Thank you for the kind notice! Just to confirm that by saying "...When there is a combination of categorical and continuous variables......If you use either of the nearest neighbor methods it selects the integer k that determines the k-th nearest neighbor per the details above" , do you mean that it is still possible to obtain a data-driven bandwidth (i.e. using adaptive/nearest neighbor method ) , when there is a combination of categorical and continuous variables?

JeffreyRacine commented 2 years ago

Yes, of course. To clarify, it is not “still possible”, it is the default.. that is, when you use cross-validation to select smoothing parameters, cross-validation is used to select all smoothing parameters treating each data type appropriately. It would be strange if anything else were to happen would it not? Hope this helps!

zdhjeff commented 2 years ago

Yes, I just had some tries and they went well. The references are also quite helpful--Thanks!

zdhjeff commented 2 years ago

I guess I am still a little confused with the meaning of the "data-driven bandwidth" here-- if it is a "data-driven bandwidth", will the calculated "data-driven bandwidth" also depend on the new data point that is to be predicted (rather than just based on all the observed data points)?

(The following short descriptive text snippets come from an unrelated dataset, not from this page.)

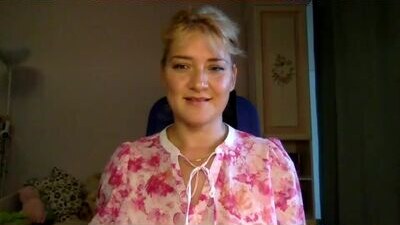 elviraforyou public webcam profile photo 5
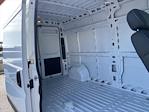 New 2026 Ram ProMaster 2500 High Roof Empty Cargo Van for sale #PD26044 - photo 9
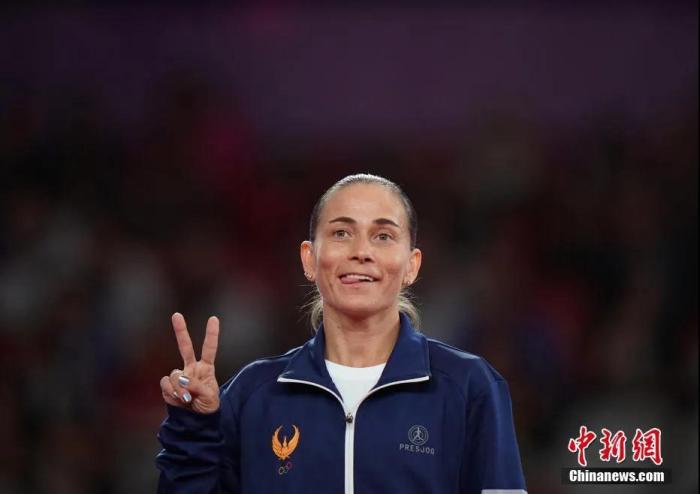 �żӴ����˻����Ů����������������ά������14.287�ֻ��һö���ơ�ͼΪ����ά���ȲμӰ佱��ʽ������ ���� �� 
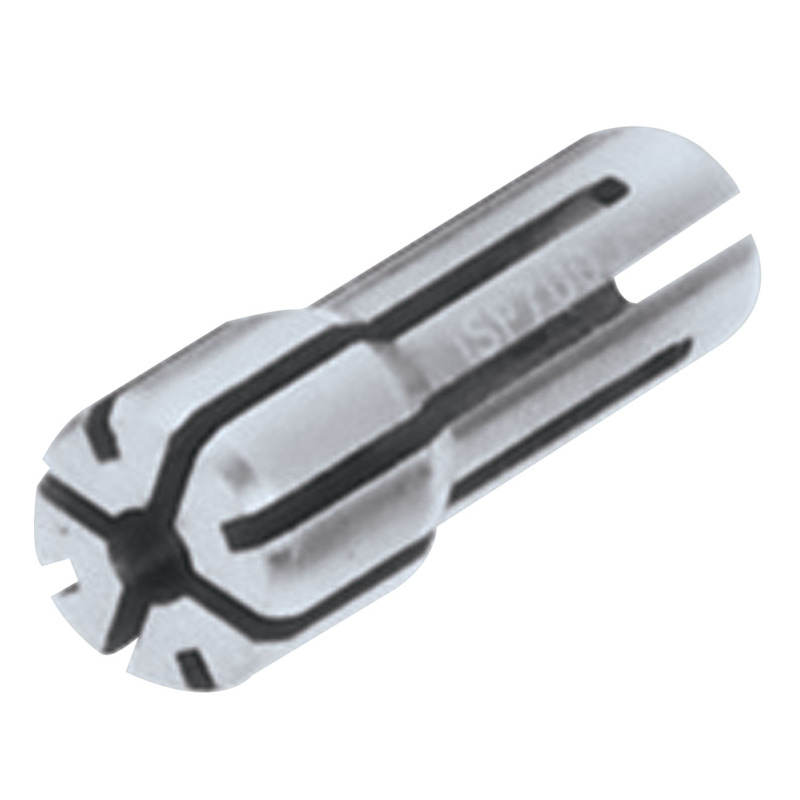 Collet Insert, 3 mm Capacity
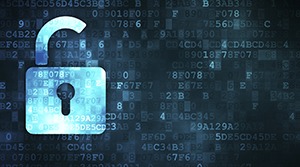 biggest darknet markets 2023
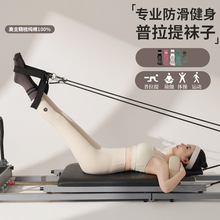 ���I�����٤�����ጣ���m�ٴ�r���L�ذ��m�����m�҃���ָ�m��Ů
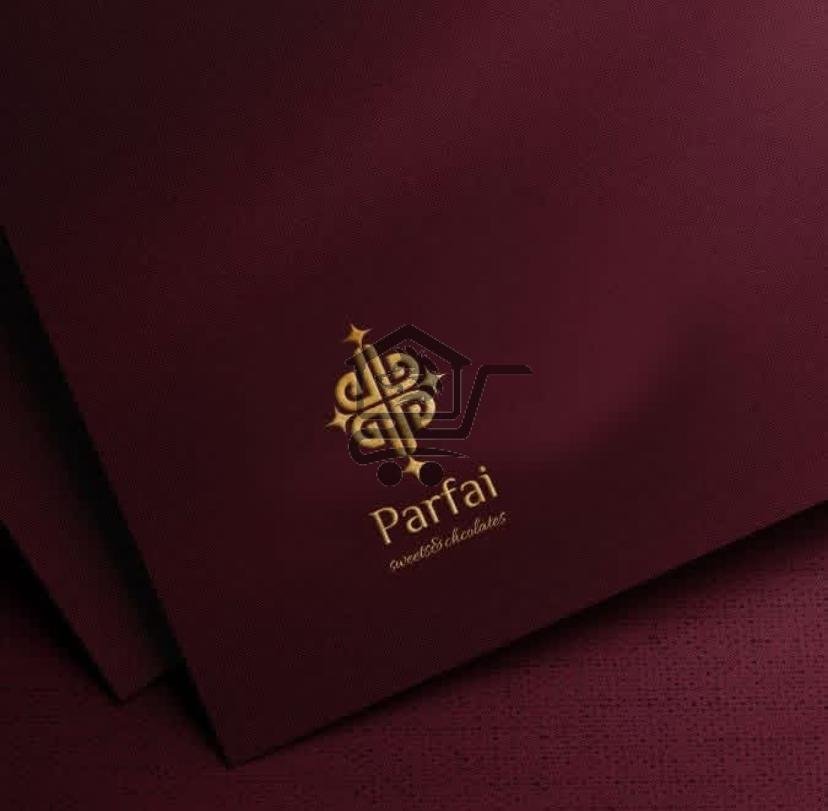 بارفيه - الصورة 1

JeffreyRacine commented 2 years ago

Hi,

“data-driven” simply means using the sample at hand to assign a value to each bandwidth, as opposed to using instead some ad-hoc value(s). If you select cross-validation, this uses the sample to numerically minimize (or maximize if appropriate) the cross-validation function. Since by definition a “new” data point is not in the sample used to generate the model, then it is not used to compute the bandwidths.

Hope this clarifies!

zdhjeff commented 2 years ago

Yeah, that is an excellent explanation--Thanks!